Nie nastawiałbym się na opinie w internecie. Wino ma smakować. Wiele osób, które "przenoszą się" na wino z innych trunków, po przeczytaniu recenzji i dokonaniu zakupu tylko się zniechęci. Jest jakiś "przymus", by "być fachowcem", co znaczy chwalić wina "wykręcające mordę".
Owszem wyrobiony smak skłania ku najbardziej wytrawnym winom, ale wytrawny nie oznacza cierpki.
To tak tytułem komentarza do powyższych.
W mojej zaś ocenie należy po prostu próbować. Warto poczytać to i owo o znanych szczepach, regionach, etc.

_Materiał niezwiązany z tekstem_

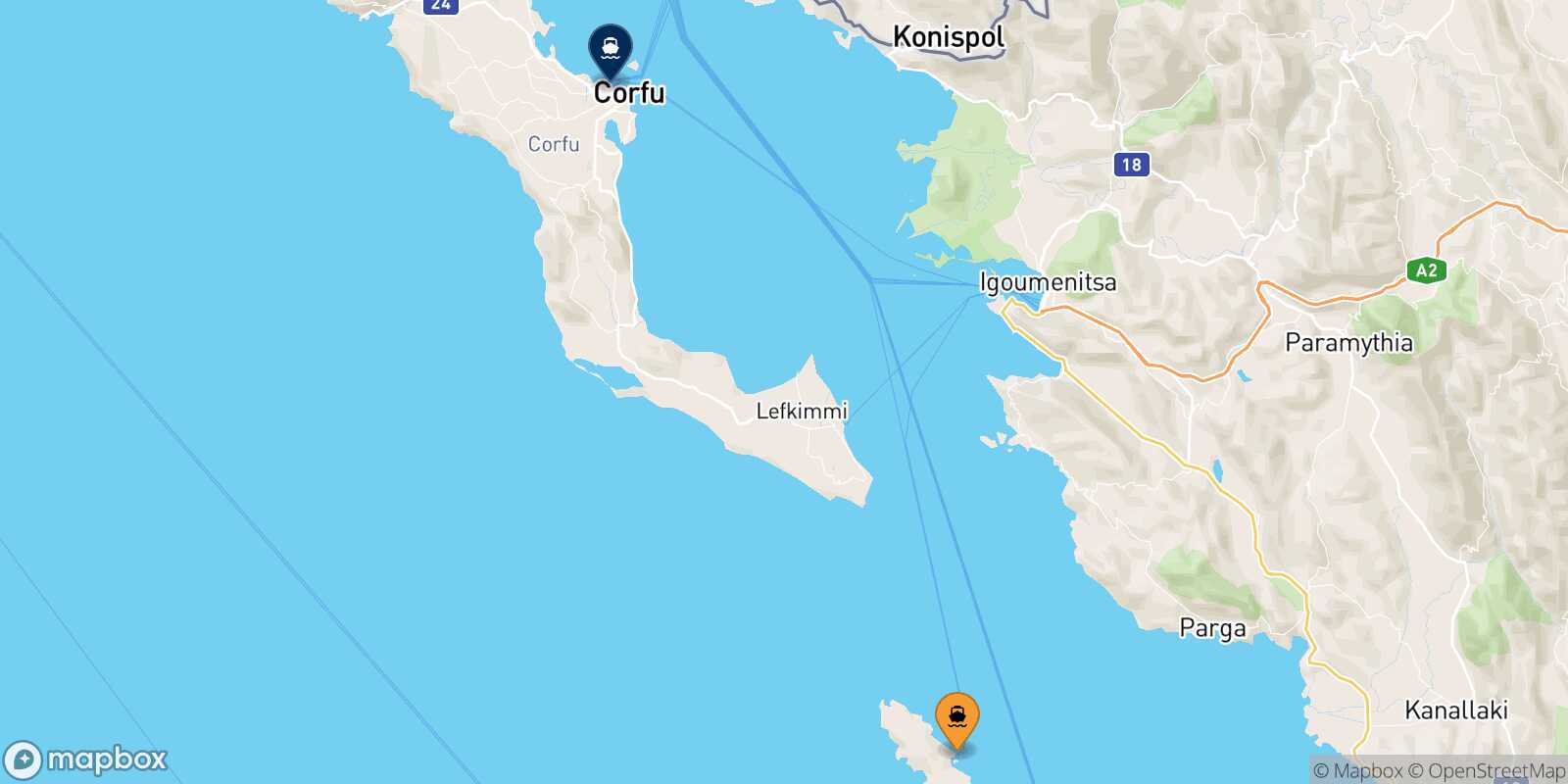 Mapa de la ruta Paxos Corfu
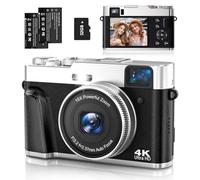 NEZINI Fotocamera digitale 4K 48MP UHD autofocus con scheda da 32 GB e custodia per fotocamera, 16 x zoom con cruscotto girevole e mirino, fotocamera compatta per adolescenti, colore marrone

To jest pierwsze, co pomoże ustalić, jakie jest wino kategoriach ogólnych (ciężkie, lekkie, mocniejsze itp.). Następnie zapamiętywać wino (nie konkretnego producenta, choć warto mieć go "z tyłu głowy", jak wino przypadło do gustu), tj. pochodzenie i szczep i wedle tego budować swoja własną "bazę danych smakowych".
Porównywać, ale nie tworzyć rankingu (rzecz jasna, pierwsza liga i tak się pojawi), bo z winem jak z kawą: można pijać ulubione, ale warto czasem wypić inne, które lepsze od ulubieńca nie jest, ale jest inne i SMAKUJE.